=== Information supplied ===
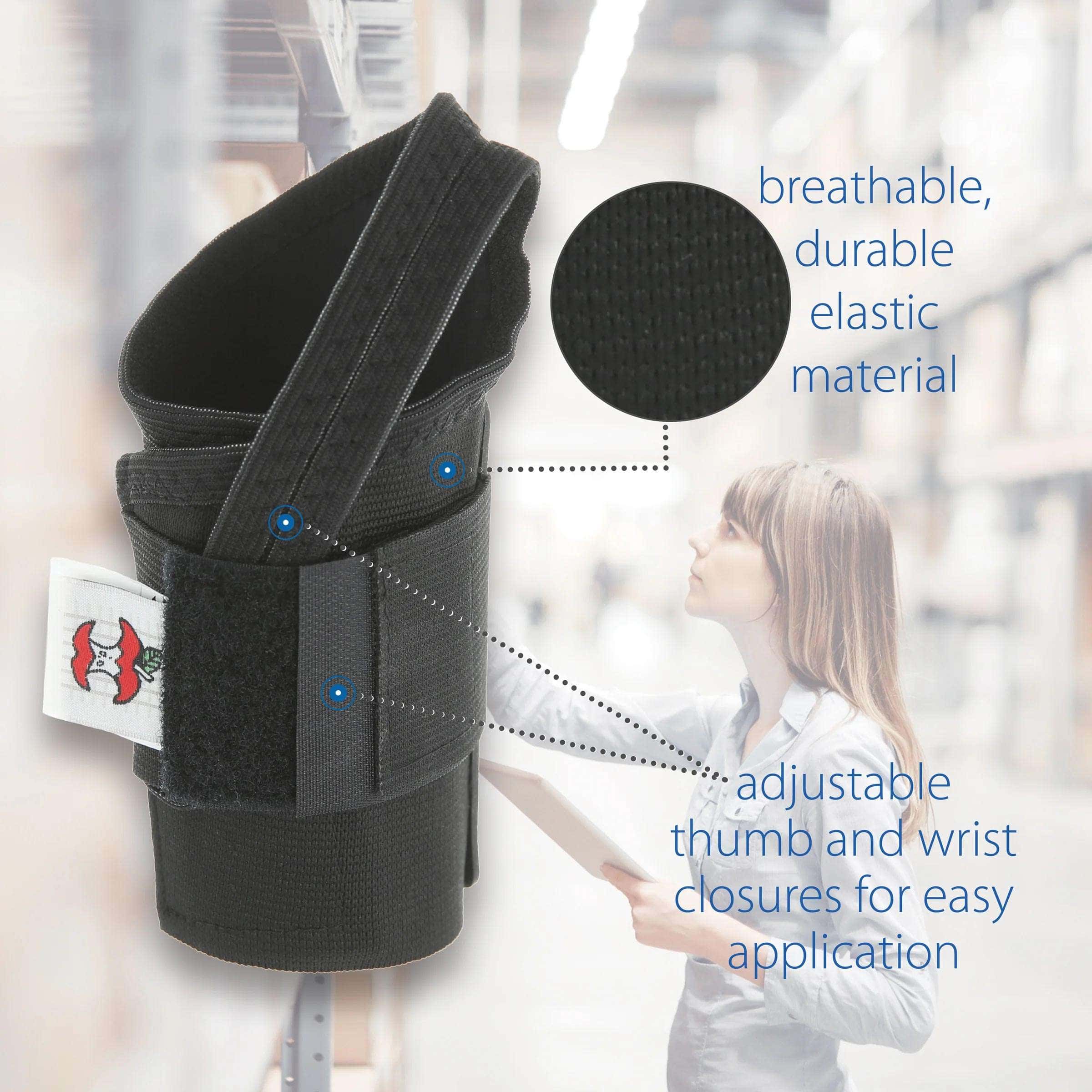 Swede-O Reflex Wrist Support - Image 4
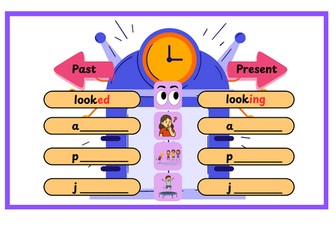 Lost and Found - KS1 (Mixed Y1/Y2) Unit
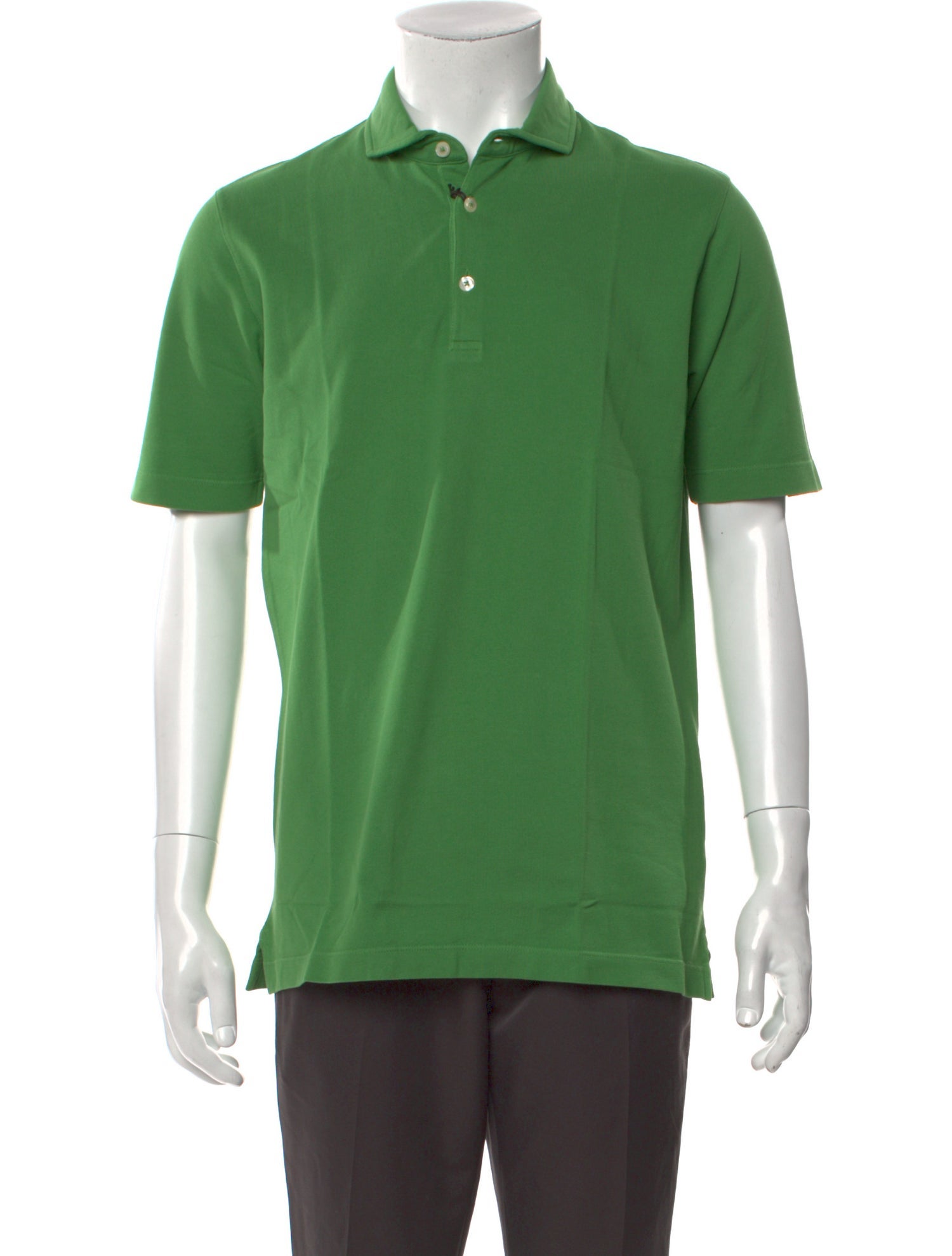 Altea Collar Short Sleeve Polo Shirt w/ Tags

=== Task goal ===
Type the listing out again word for word, passing over each picture.

=== Exercise answer ===
 Swede-O Reflex Wrist Support - Image 4
 Lost and Found - KS1 (Mixed Y1/Y2) Unit
 Altea Collar Short Sleeve Polo Shirt w/ Tags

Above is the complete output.